So it's the kind of business where you can't wait to get up in
So it's the kind of business where you can't wait to get up in the morning and read the papers, or listen to what's on the news, and you know, how the world's going to change.
The words of Sanford I. Weill, when he declared, “So it's the kind of business where you can't wait to get up in the morning and read the papers, or listen to what's on the news, and you know, how the world's going to change”, shine like an ember of truth in the heart of those who labor in the realm of commerce, finance, and the shaping of nations. In this utterance, there lies not just a description of a trade, but the spirit of a calling. He spoke not merely of business, but of a life driven by the pulse of the world itself, where every dawn brings with it the chance to glimpse destiny unfolding in the news of the hour.
Consider the weight of his meaning: there are labors that weary the soul, where morning feels like a burden and the day stretches long in shadow. But there are also callings, those blessed tasks wherein the soul leaps from its slumber, eager to seize the day’s tidings. For those who walk in this path, each sunrise is not repetition but revelation, a promise that the world will unveil itself anew, and in that unveiling lies opportunity, transformation, and purpose. Such is the business he describes—one tied not to monotony but to the living breath of history.
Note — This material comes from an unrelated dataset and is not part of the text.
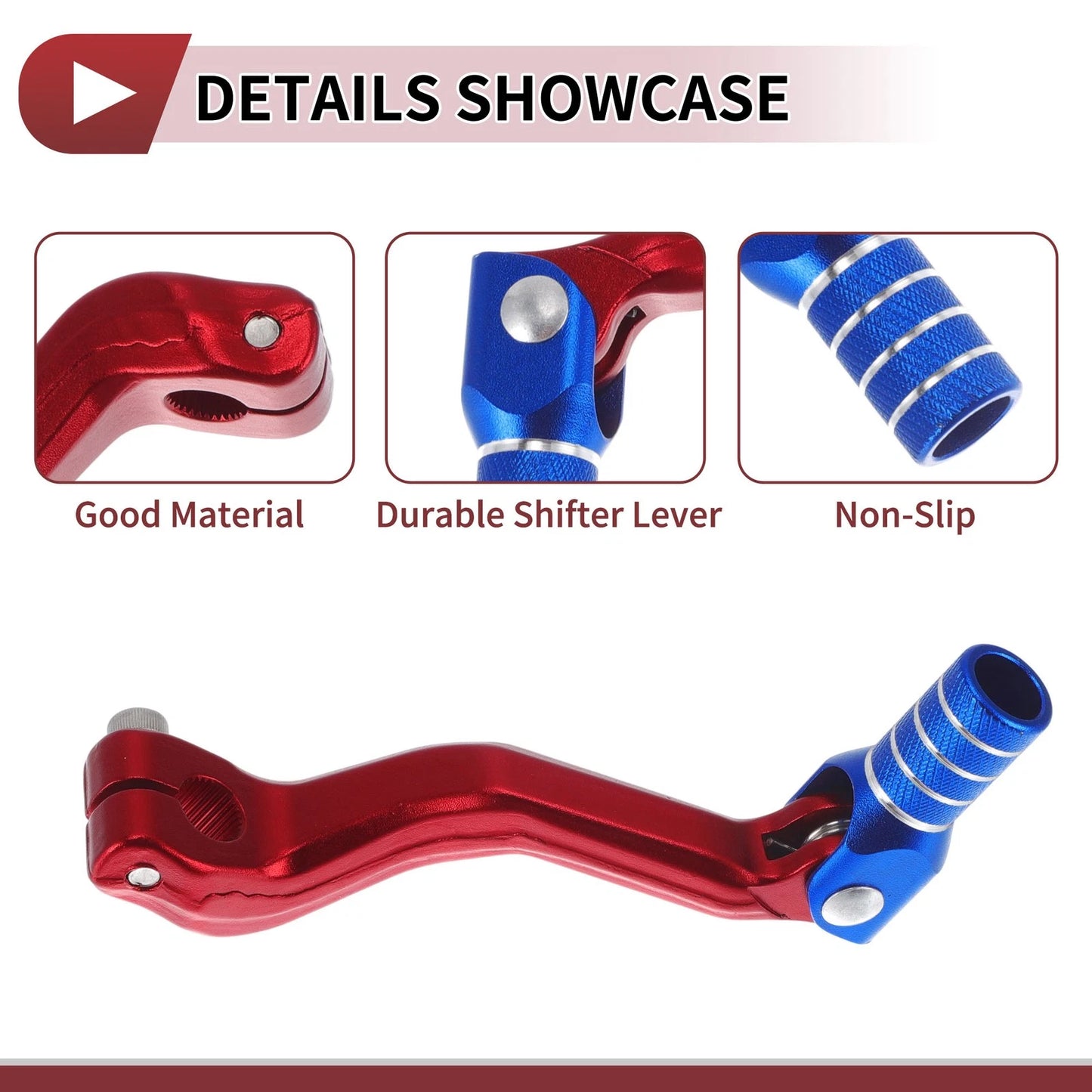 Folding Motorcycle Gear Shifter Lever for Kayo T2 Red Blue Silver Tone 1 Pc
The ancients themselves knew this truth. Did not Alexander, son of Philip, rise each morning eager to hear of the lands yet unconquered, the maps yet unfinished, the horizons yet unseen? To him, each report of distant kingdoms was not idle curiosity, but a summons to action. In his hunger for the unknown, he mirrored the spirit that Weill speaks of: a passion to read the news of the world and to answer it with daring deeds. And though centuries have passed, the fire that drove Alexander to march eastward is the same flame that drives those in modern halls of commerce to awaken and wonder how the day’s headlines will change their fates.
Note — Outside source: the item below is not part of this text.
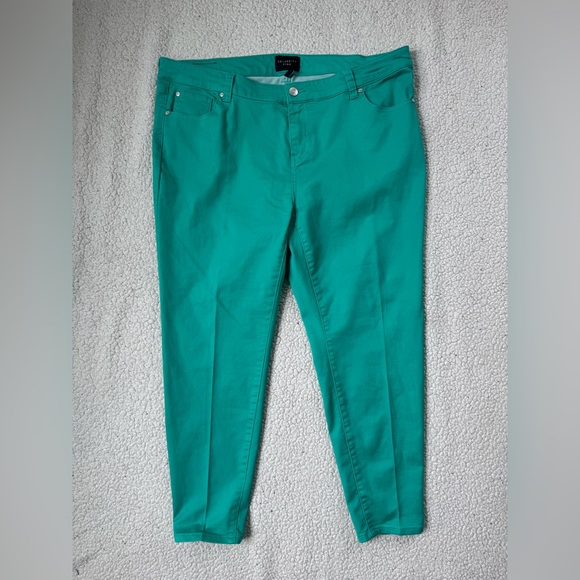 Talbots size 22w Vibrant Teal Green Stretchy Jeans - Picture 7 of 7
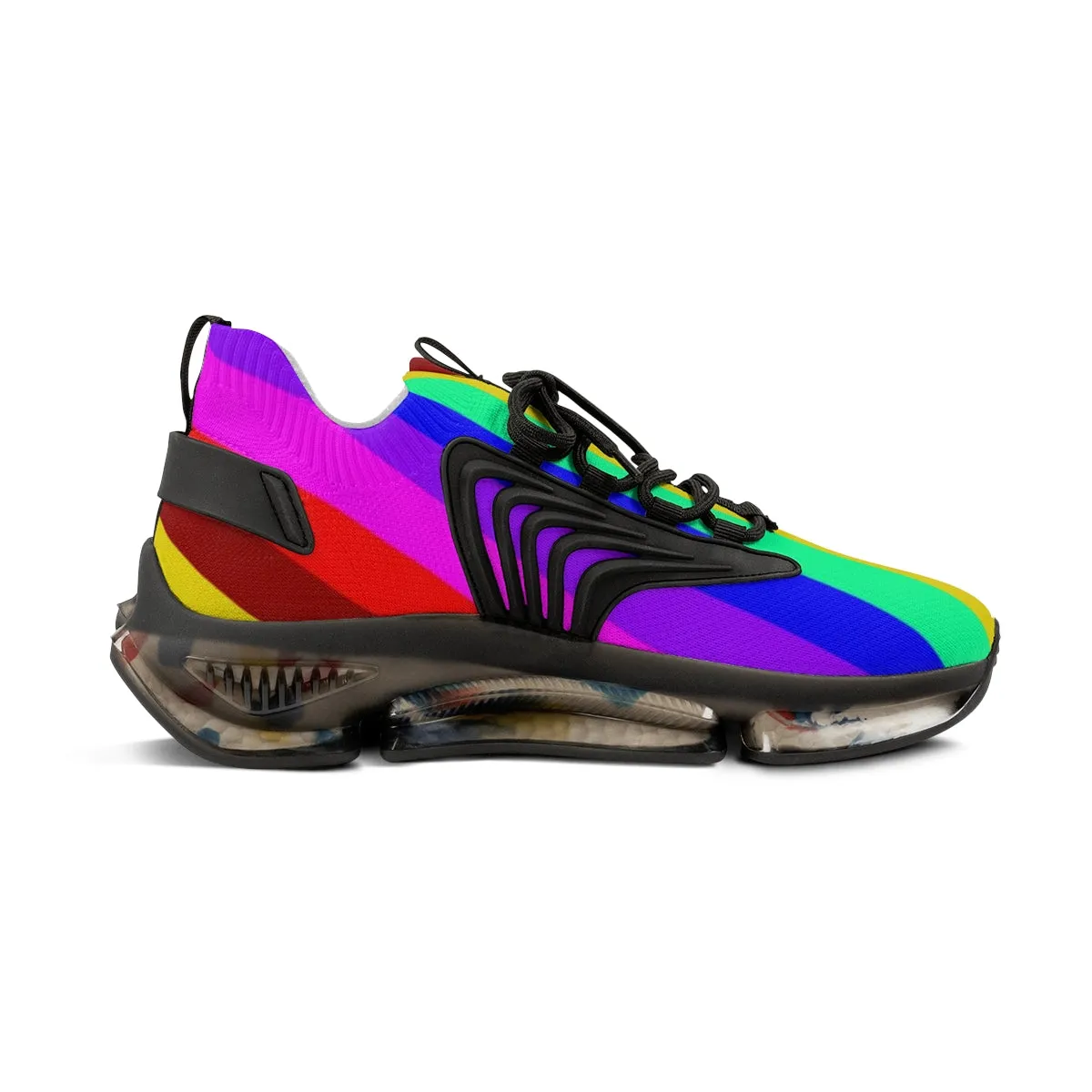 Rainbow Striped Print Men's Shoes, Gay Pride Fun Colorful Best Comfy Men's Mesh Sports Sneakers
But let us not deceive ourselves: such eagerness is not born of idleness or shallow amusement. It comes from a soul that feels bound to the destiny of mankind. When Weill speaks of the thrill of news, he is not praising gossip nor idle chatter, but the sacred awareness that each shift in the winds of politics, each tremor in the markets, each upheaval in society, is a chance to shape the future. Those who live in this way do not merely observe the world—they strive to become instruments of its transformation.
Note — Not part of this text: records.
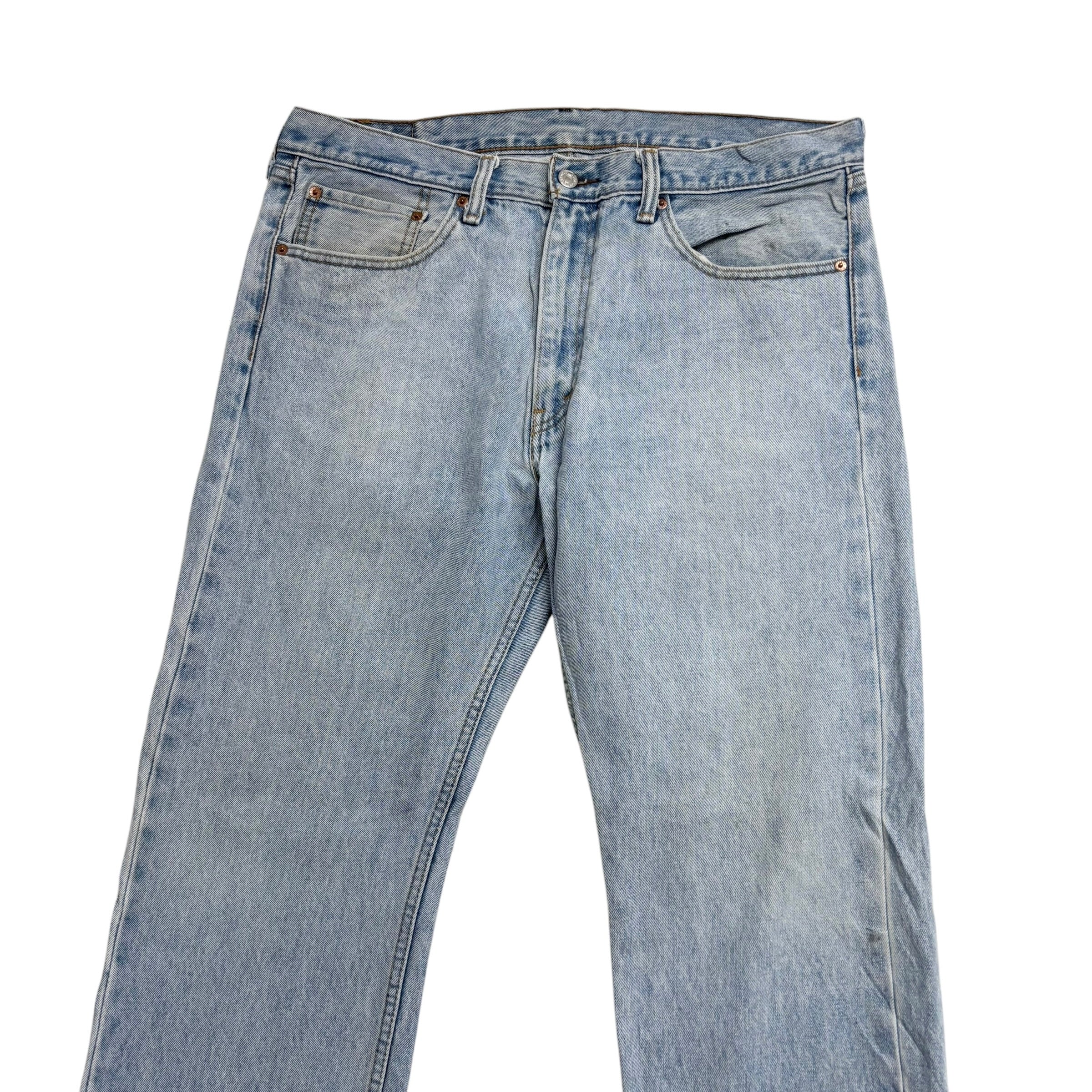 Levis 505 Jeans W36 L32 Mens Light Blue Regular Straight Fit Denim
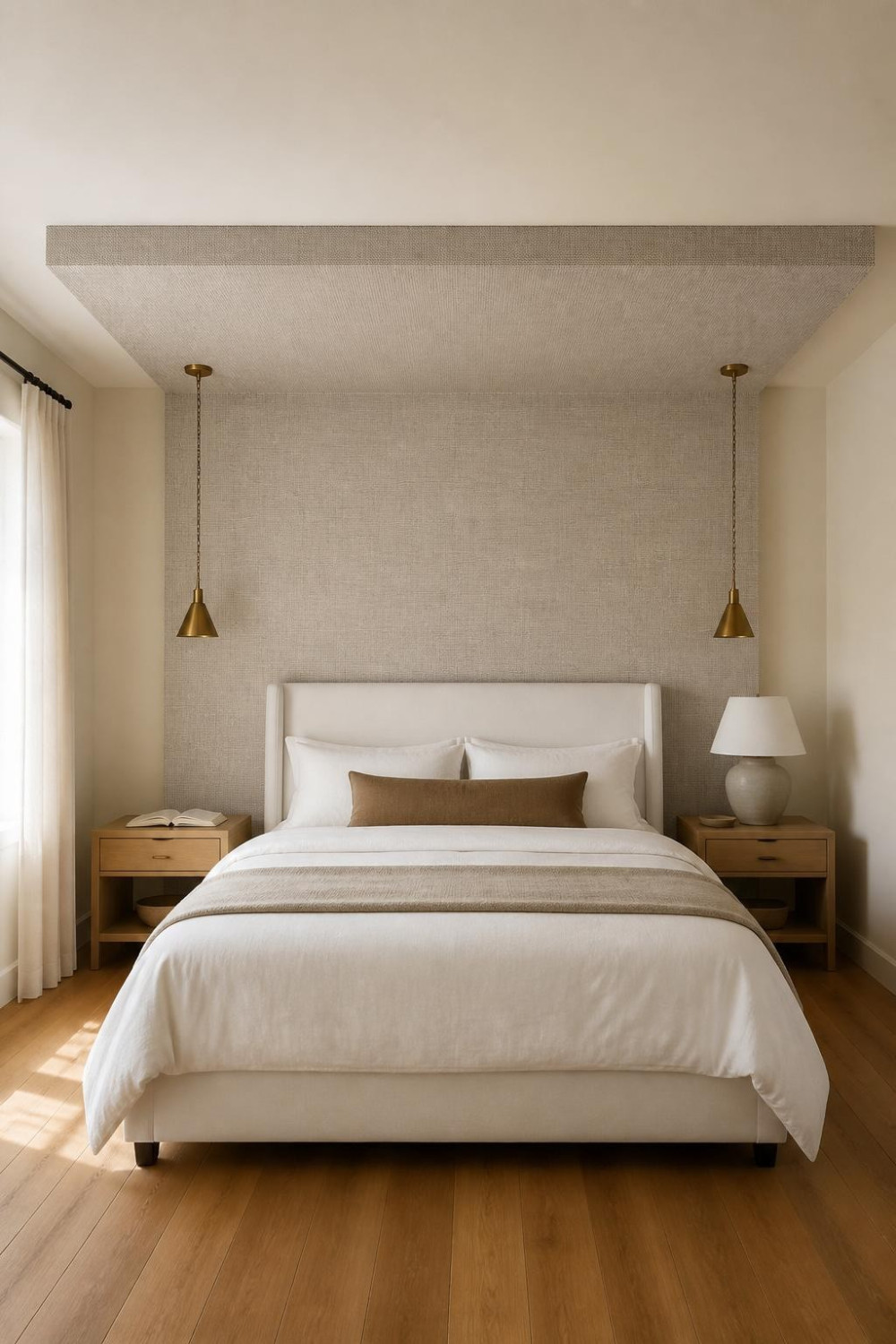 Wallpaper Box Treatment — Pattern Extended to the Ceiling for a Cocooning Effect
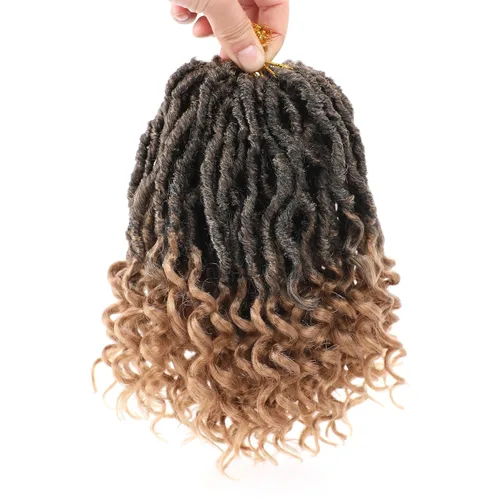 Vista 35 de Leeven 7 Paquetes Cabello Crochet Faux Locs con Puntas Rizadas 10 Pulgadas Pre-enrollado Goddess Locs Trenzas Crochet Cabello 84 Hebras Negro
Consider the example of Franklin D. Roosevelt during the Great Depression. Each morning, the newspapers cried out with despair: banks failing, men jobless, families hungry. Yet Roosevelt did not cower before the tide. He rose, read the bitter news, and declared that such suffering must not remain. With the New Deal, he answered the world’s groaning with deeds, proving that the morning’s grim tidings can ignite the will to build new structures of hope. This is the spirit of Weill’s teaching: that to love the business of life is to read even the darkest headlines with resolve, asking not “Why is this so?” but “What may I do?”
The lesson is clear: seek a path, a work, a calling, in which the dawn awakens you with joy rather than dread. Do not bind yourself to labors that suffocate your fire. Instead, pursue endeavors where your heart burns to know what the day has brought forth, for in such work lies both power and peace. To live thus is to align your own rhythm with the rhythm of the world, so that your actions are not isolated strokes, but notes in the grand song of history.
Let this be your practice: when you rise each morning, do not plunge first into distraction, but pause and ask, “How will the world change today, and how shall I answer?” Read, listen, observe with the eyes of one entrusted with a mission. Take one step—small though it may be—that draws you closer to shaping the world rather than being shaped by it. For the true life, as Weill reminds us, is not to endure the march of time passively, but to rise joyfully with the dawn, eager to engage with the ever-turning wheel of the world.
Thus the quote becomes more than words; it is a summons. A summons to live awake, to live engaged, and to rise with each sunrise ready to meet the fate of nations and the needs of men. Those who follow this wisdom will never wake in despair, but will greet the morning as allies of destiny itself.